▶ **Input data**:
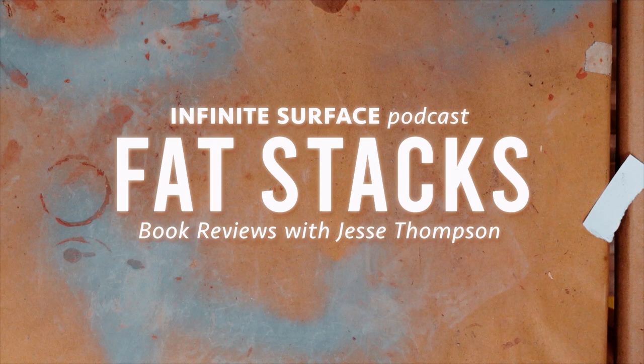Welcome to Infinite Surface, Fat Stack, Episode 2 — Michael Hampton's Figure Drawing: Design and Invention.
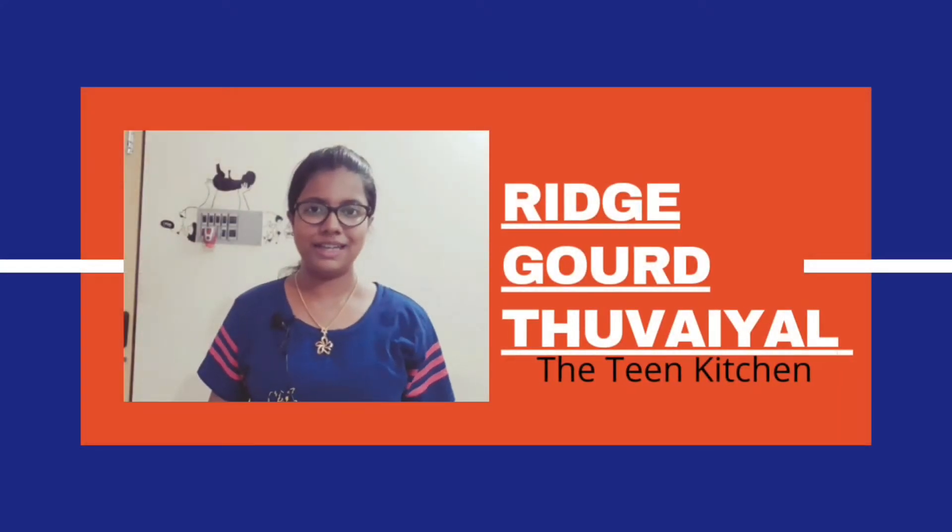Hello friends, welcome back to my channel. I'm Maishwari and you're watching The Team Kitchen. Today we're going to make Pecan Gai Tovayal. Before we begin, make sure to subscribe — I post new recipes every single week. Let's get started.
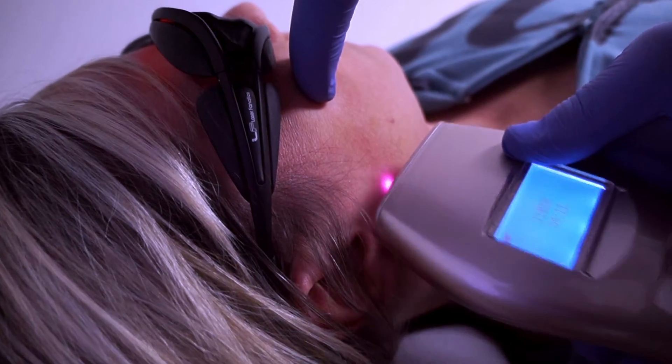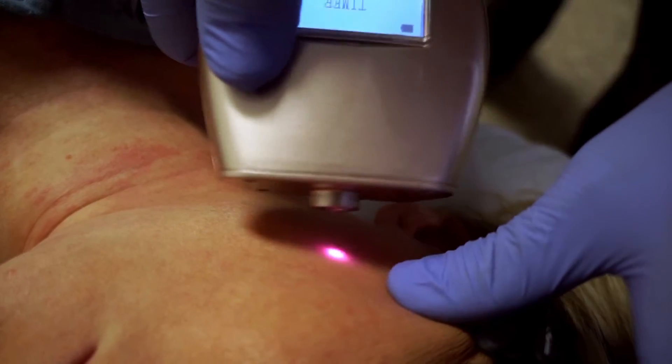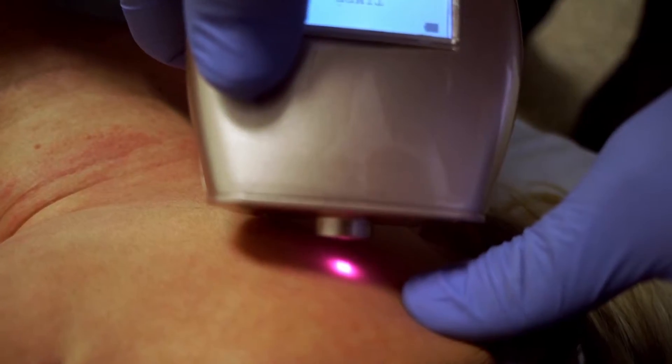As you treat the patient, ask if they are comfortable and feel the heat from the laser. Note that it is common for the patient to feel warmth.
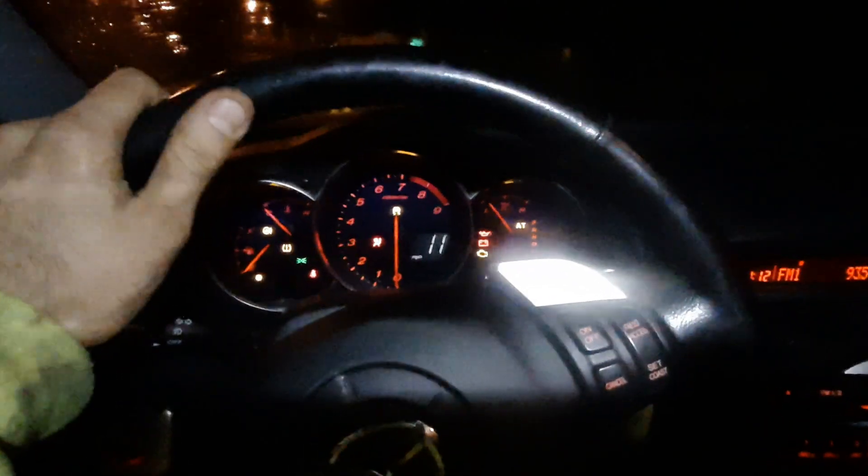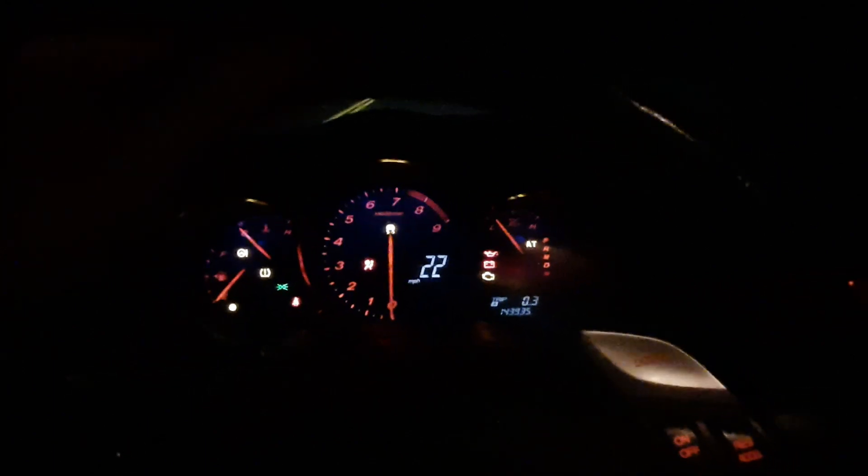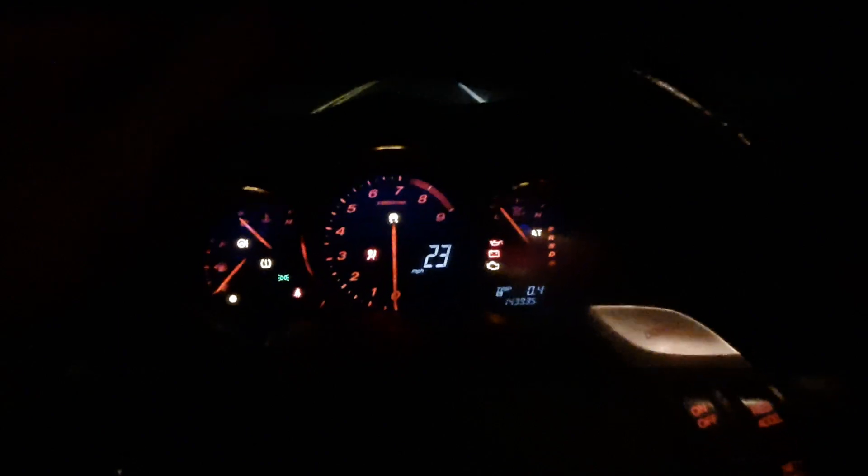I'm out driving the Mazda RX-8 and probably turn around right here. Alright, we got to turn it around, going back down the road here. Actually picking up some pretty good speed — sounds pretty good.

▶ **What is being asked**:
Your answer is the exact run of lines above from the one with "Hello friends, welcome" through the one with "As you treat", both ends included, minus any picture.

▶ **Output below**:
Hello friends, welcome back to my channel. I'm Maishwari and you're watching The Team Kitchen. Today we're going to make Pecan Gai Tovayal. Before we begin, make sure to subscribe — I post new recipes every single week. Let's get started.
As you treat the patient, ask if they are comfortable and feel the heat from the laser. Note that it is common for the patient to feel warmth.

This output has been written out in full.